Before deep learning algorithms can be deployed in security-critical applications, their robustness against adversarial attacks must be put to the test. The existence of adversarial examples in deep neural networks (DNNs) has triggered debates on how secure these classifiers are. As artificial intelligence (AI) and its associated activities of machine learning (ML) and deep learning (DL) become embedded in the social fabric of every nation, maintaining the security of these systems and the data they use is paramount. The global cyber security market was estimated by IDC to be worth $107 billion in 2019, growing to $151 billion by 2023. ML poisoning could become a significant attack vector used by hackers to undermine AI systems and the organizations building businesses and processes around them.

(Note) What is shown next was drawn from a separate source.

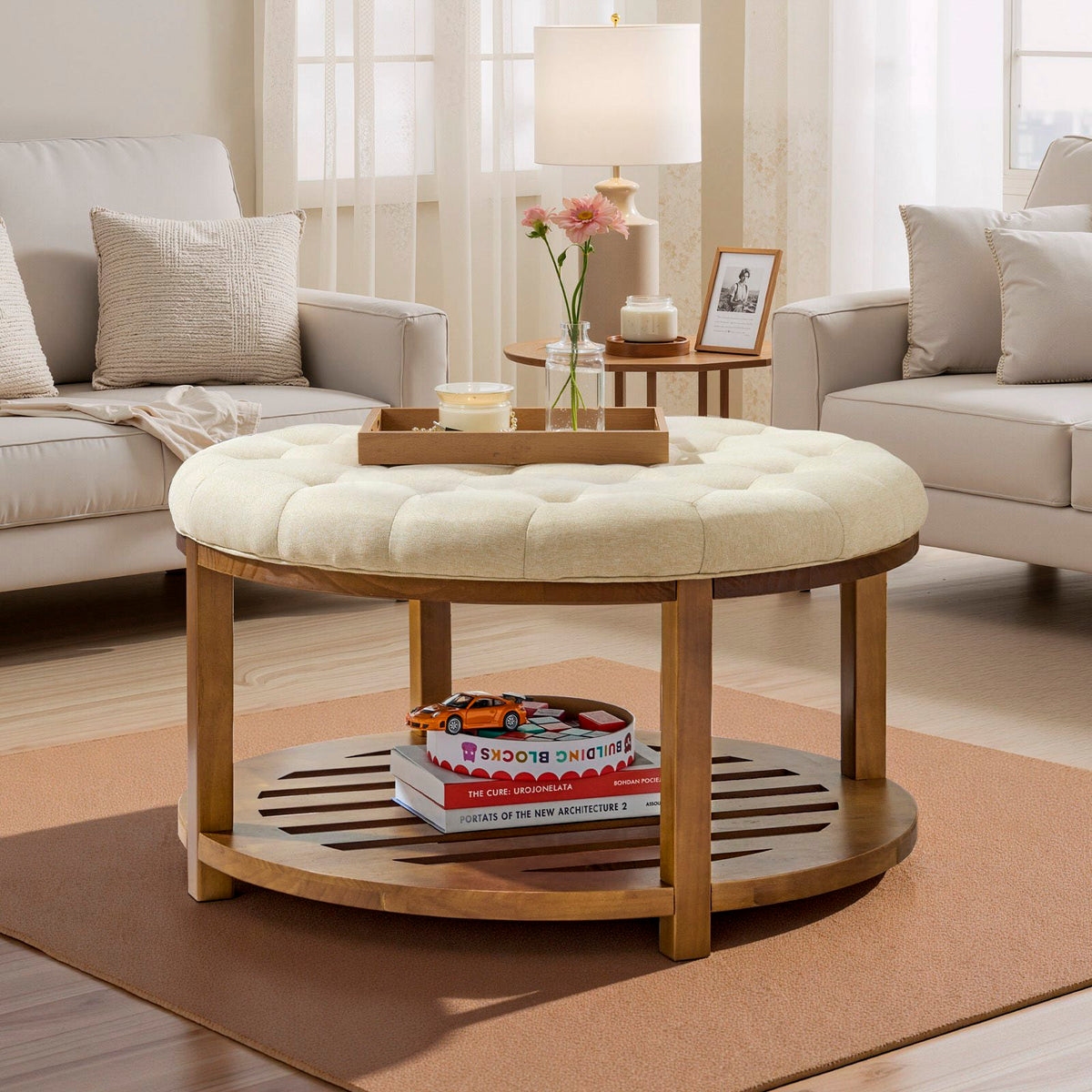 Round ivory tufted ottoman coffee table with wood shelf in living room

The most common result of a poisoning attack is that the model’s boundary shifts in some way leading to false information on the user’s screen. For example the user may get wrong coordinates from a GPS tag on a place on the device, totally misleading the user. There are different categories of attacks on ML models depending on the actual goal of an attacker (Espionage, Sabotage, Fraud) and the stages of machine learning pipeline (training and production), or also can be called attacks on algorithm and attacks on a model respectively. They are Evasion, Poisoning, Trojaning, Backdooring, Reprogramming, and Inference attacks. Evasion, poisoning and inference are the most widespread now.

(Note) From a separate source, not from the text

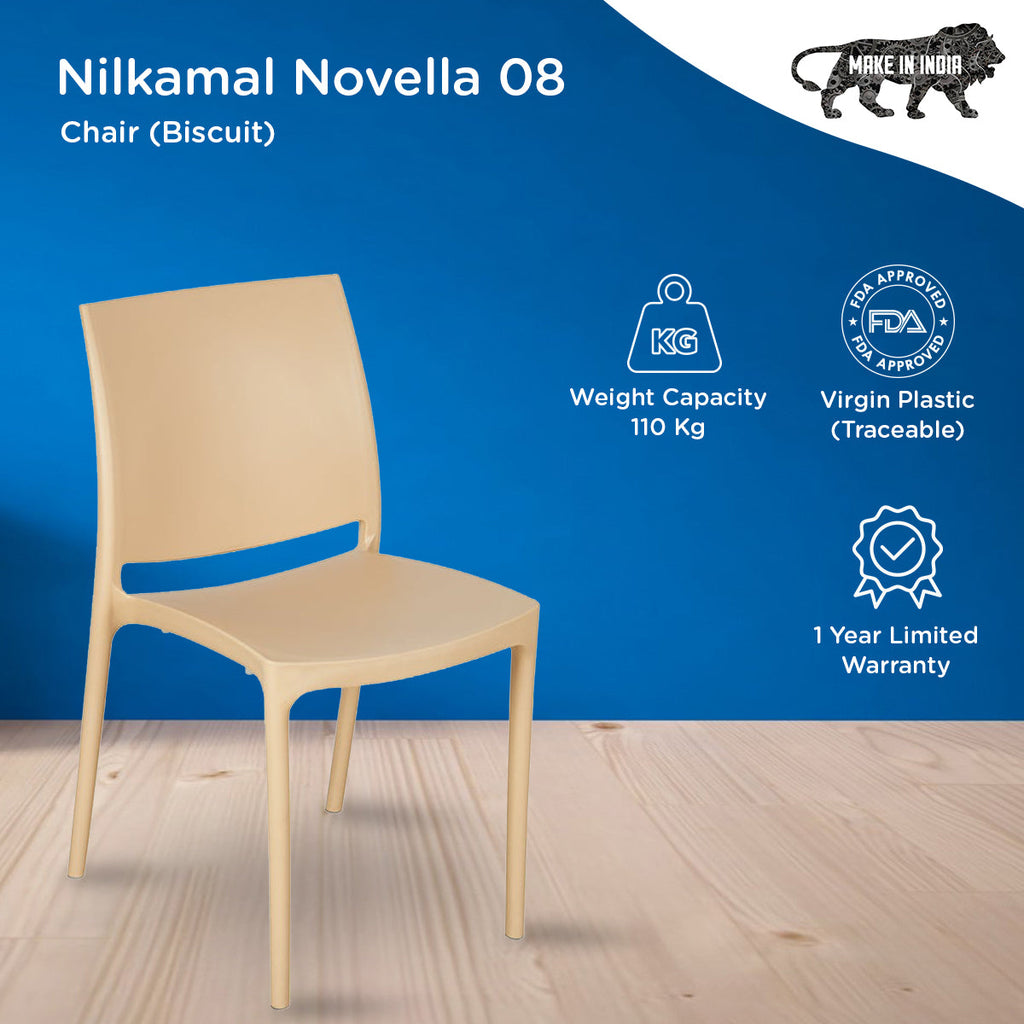 Nilkamal Novella 08 Chair (Biscuit)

Based on the adversarial capabilities of the attack, strategy of attack can be broadly classified as label modification, data injection, data modification and logic corruption. There are also two other attack types such as Backdoors and Trojans. The goal of this attack and types of attackers are different but technically they are quite similar to Poisoning attacks. Either of the cases the intention is to access the data set and modify the model’s behavior for a false projection. To pursue security in the context of an arms race it is not sufficient to react to observed attacks, hence here at Attack Solutions, we proactively anticipate the adversary by predicting the most relevant, potential attacks through a what-if analysis; this allows one to develop suitable countermeasures before the attack actually occurs, according to the principle of security by design.